Mike & Doo’s Excellent Suburban Adventure

Mike and I went out for another of our “youthful-not-young” nights yesterday, this time meeting up with some of his Strollerderby colleagues who live…

outside San Francisco.

San Francisco, of course, is on a peninsula, but when we say “the Peninsula” we mean everything south of The City (capital letters quite intentional) that’s still bounded by water. And, to be perfectly honest, we tip-o’-the-peninsular types often think of those southern expanses as one big Ikea parking lot — sort of a “there but for the grace of God” kind of suburban hell.

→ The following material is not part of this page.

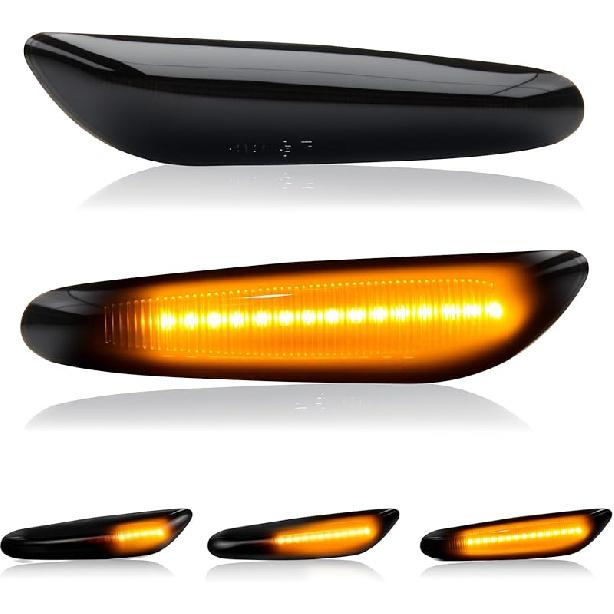 D-Lumina Sequential Amber LED Side Marker Lights Turn Signal Lamp Assembly for BMW E90 E91 E92 E93 E46 E53 E60 E61 X3 E83 X1 E84 E81 E82 E87 E88 Side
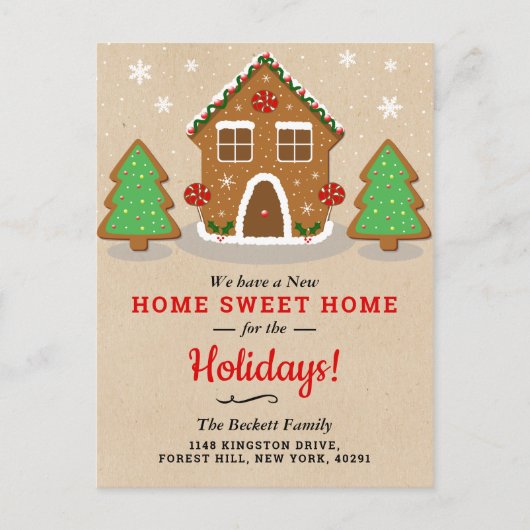 Gingerbread House Neue Zuhause für Ferien Ankündigungspostkarte (Vorderseite)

Well, color me surprised. First of all, we hung out with two stay-at-home moms whose little fingers were hipper than I’ve ever been: Patti the Childbearing Hipster (tagline: “ceçi n’est pas une mommyblog,” which means, I believe, “my kids are so frikkin’ cute” in Esperanto or something), and Alisyn, one of those people who can express in one paragraph the sort of sentiment I’ve been trying to get at pretty much over my last six months of blogging.

And the Peninsula? Not so bad, really, if maybe a little odd. We started at a blues club — cool, right? — except that there was a five foot computer screen over the bands’ heads spinning ads for local realtors and ice cream parlors. Blues is frequently sort of nonsensical, but some of the talented insurance agents on stage belted out lyrics that stretched the genre in ways I’d never heard:

“Well, I’ll be your slave…
Oh, yes, I’ll be your slave…
I’ll be your slave if you shine your headlight on me.”

Um. What?

Our little circle of bloggers moved on to a bar that’s about as close as Silicon Valley can get to a “dive” — I mean sure, it was next to a bail bondsman and the obligatory (and sort of sad) old drunk guy perched at the bar, but they also had WiFi (yay, bar blogging!) and a seriously souped-up, iTunes-inspired, nostalgia-infused MP3 jukebox. (“Devo!” Alisyn exclaimed.)

So we ran into a lot things I wouldn’t have expected on the Peninsula: A downtown. A free outdoor movie showing. Pedestrians. I’ll admit it: I was wrong about things south. And maybe, just maybe, I’ve been a little too harsh in my usual distaste for all things suburban. Is it possible that some “suburbs” are old enough and well-designed enough to nurture a real community?

Apparently so. There goes another lifelong belief of mine. At this rate, I’ll be dogma-free by Christmas.